I recently found a single gray sock that my grandmother must have knit several years or even decades ago in my apartment. I inspected it very thoroughly, trying to figure out which techniques she had used. The sock was knit with thicker yarn (I would guess sport weight) and at a looser gauge than I usually do. I also didn’t recognize the type of heel flap and gusset construction. When I started knitting socks, my grandmother told me the story that when she was young, she was the family member responsible for knitting all socks. She would not only knit the socks, but also process, spin and dye the wool. As a child growing up on a farm in the Austrian countryside in the inter-war period and during World War II, she didn’t have many clothes and the ones she had were hand-made by one of her family members. I was very impressed by her story, especially that she was in charge of the whole process from sheep to finished sock, and asked her if she could write down her sock recipe for me. I asked her a few times and she always said she would do it as soon as she got a chance. However, I never actually got anything from her and thought it was probably because she couldn’t remember how she’d knit her socks. After all, she is turning 92 this year and had to stop knitting several years ago due to pain in her fingers.

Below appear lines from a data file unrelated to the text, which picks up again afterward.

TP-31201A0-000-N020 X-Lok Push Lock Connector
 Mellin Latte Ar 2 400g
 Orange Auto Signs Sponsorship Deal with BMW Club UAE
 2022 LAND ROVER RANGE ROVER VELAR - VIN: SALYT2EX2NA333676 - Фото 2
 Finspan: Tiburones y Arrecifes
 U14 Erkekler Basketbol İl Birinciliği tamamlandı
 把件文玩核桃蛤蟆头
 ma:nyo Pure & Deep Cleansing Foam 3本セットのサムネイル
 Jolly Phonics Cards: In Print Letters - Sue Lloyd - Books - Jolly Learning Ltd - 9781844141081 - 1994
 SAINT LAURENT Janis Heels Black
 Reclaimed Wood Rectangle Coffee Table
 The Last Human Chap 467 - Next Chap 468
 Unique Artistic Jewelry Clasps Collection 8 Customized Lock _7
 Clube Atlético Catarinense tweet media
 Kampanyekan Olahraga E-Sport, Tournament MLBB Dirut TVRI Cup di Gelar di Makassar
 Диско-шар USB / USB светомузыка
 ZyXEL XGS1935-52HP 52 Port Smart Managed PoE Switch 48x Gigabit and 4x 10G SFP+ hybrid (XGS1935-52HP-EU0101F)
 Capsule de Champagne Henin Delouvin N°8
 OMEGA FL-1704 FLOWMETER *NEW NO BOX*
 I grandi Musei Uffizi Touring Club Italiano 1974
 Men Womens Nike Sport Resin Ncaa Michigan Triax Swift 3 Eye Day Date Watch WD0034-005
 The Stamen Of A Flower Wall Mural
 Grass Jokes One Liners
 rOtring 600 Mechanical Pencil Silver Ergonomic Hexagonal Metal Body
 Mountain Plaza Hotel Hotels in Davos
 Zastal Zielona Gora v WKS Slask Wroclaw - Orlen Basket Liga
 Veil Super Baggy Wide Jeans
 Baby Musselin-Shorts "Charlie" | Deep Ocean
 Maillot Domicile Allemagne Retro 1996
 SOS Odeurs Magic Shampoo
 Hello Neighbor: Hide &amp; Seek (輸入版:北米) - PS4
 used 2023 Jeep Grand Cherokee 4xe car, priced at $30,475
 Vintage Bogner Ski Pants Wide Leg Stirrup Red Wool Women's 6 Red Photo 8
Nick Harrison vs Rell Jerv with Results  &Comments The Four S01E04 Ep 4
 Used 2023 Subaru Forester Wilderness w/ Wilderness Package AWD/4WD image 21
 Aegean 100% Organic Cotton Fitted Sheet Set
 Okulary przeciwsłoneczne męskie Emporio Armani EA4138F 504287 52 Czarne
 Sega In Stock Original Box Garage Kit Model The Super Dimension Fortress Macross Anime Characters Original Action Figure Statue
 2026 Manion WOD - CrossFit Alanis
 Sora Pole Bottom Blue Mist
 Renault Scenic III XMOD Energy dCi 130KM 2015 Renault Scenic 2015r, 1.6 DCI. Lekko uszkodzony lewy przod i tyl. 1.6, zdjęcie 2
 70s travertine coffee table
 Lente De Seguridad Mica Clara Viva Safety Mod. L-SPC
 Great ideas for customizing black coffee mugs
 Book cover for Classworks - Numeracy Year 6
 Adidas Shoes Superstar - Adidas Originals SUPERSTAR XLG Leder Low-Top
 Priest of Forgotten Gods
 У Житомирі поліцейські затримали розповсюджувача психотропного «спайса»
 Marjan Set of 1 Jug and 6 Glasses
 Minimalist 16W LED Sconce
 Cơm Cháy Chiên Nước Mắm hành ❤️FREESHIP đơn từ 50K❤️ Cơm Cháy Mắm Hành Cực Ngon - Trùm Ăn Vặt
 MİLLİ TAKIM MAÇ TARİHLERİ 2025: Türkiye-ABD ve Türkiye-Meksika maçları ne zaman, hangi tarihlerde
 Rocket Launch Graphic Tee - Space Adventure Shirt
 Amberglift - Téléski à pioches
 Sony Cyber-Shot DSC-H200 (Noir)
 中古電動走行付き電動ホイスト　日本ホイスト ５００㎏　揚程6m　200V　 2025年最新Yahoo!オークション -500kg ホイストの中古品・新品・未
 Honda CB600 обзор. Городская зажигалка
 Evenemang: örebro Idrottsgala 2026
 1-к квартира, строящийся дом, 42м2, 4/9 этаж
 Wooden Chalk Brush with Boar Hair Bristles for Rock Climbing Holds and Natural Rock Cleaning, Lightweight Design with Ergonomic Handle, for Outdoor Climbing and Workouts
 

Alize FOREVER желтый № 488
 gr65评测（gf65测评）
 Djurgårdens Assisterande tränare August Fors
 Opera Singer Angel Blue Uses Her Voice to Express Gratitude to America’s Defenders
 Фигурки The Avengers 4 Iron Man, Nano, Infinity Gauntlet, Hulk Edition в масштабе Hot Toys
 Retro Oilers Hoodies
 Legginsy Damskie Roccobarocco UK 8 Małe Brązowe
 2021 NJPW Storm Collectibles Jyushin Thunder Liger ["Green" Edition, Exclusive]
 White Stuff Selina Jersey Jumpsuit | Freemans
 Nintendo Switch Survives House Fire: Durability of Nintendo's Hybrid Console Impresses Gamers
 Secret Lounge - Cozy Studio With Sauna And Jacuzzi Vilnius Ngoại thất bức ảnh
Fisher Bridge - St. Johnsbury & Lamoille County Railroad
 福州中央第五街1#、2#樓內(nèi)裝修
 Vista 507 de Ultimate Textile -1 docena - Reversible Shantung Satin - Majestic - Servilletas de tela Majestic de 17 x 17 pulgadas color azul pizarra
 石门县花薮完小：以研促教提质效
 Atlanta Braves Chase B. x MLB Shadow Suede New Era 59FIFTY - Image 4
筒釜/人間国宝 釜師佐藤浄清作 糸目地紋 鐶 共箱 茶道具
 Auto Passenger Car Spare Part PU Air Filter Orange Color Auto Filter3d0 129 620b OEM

Once I mentioned to my mother that I thought it was very unfortunate that my grandmother didn’t remember her sock recipe. My mother laughed and told me that my grandmother probably didn’t know how to write down instructions because back then, they simply knit socks without a “recipe.” Of course I knew that there weren’t any knitting patterns as we know them today when my grandmother was growing up, but I didn’t consider the possibility that knitting techniques and instructions were only passed down orally and items were “just knit”. Being someone who would be lost without patterns (especially when making garments), I am deeply impressed by people who just know how to knit specific items or modify them. But I guess it was normal back then. It is not like they had any other options.